You cannot change the world, but you can change someone’s world.” -Mother Teresa
One night in 1992, Serawit “Cherry” Teketel, a young Ethiopian college graduate was driving home from dinner with her family when they came upon a moment that would change Cherry’s life forever. As their car pulled to a stop at a street corner in Addis Ababa, they saw a young woman flash them. The sight of this desperate prostitute who had no other way of earning a living, started a debate and made Cherry question her own circumstances in life. Although she was a recent university graduate, she had been unable to find a job for over a year but thankfully she had her family to fall back on. What if she didn’t have that luck? What if she was uneducated, poor and a single mother with no job? What would she do? Cherry’s questioning and compassion inspired her lifelong quest to get women off the streets and into a productive life away from prostitution.

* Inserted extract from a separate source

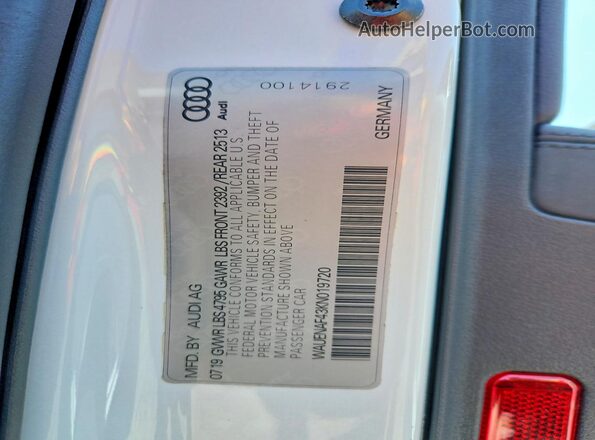 WAUENAF43KN019720 2019 AUDI A4 White VIN კოდის სტიკერის ხედი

After spending time on the streets, talking with girls and learning more about their issues, Cherry founded Women at Risk, a one-year rehabilitation program that aims to get girls and women out of prostitution and into a sustainable, self-reliant job and lifestyle. Women at Risk works on many different levels of rehabilitation. For the first six months, the women go through an extensive mental, physical and spiritual rehabilitation program that deals with addiction problems, health issues and psychological healing. The next six months involves skill training. Since Ethiopia has an extremely high unemployment rate and most of these women lack an education and come from severe poverty, vocational training is not an option. Cherry and her team realized that the women would need to have skills that would require little education and minimial training yet would provide them a livable income. After much brainstorming, Women at Risk implemented training courses in weaving, cooking and hairdressing.
During the year rehabilitation program, a woman must desire and commit to changing her life. In addition to the rehabilitation and skill training services, she will receive health care, day care, pocket money and groceries each week. Once she successfully completes the program, Women at Risk helps her gain employment or start her own small businesses a viable alternative to prostitution. Today, Cherry’s program has been a wonderful success. Women at Risk has helped over 360 women and over 90% of them have continued to live lives away from prostitution.
Close to the end of my two-week trip in Ethiopia as fellow with the International Reporting Project, my friend Elizabeth Ataley and I went to visit one of Women at Risk‘s partners Ellilta Products. We had heard about their gorgeous scarves through our social good blogging and work with ONE and fashionABLE. Both Elizabeth and I are proud owners and supporters of the Ellilta scarves sold in the US through fashionABLE so we wanted to meet with the women behind the scenes.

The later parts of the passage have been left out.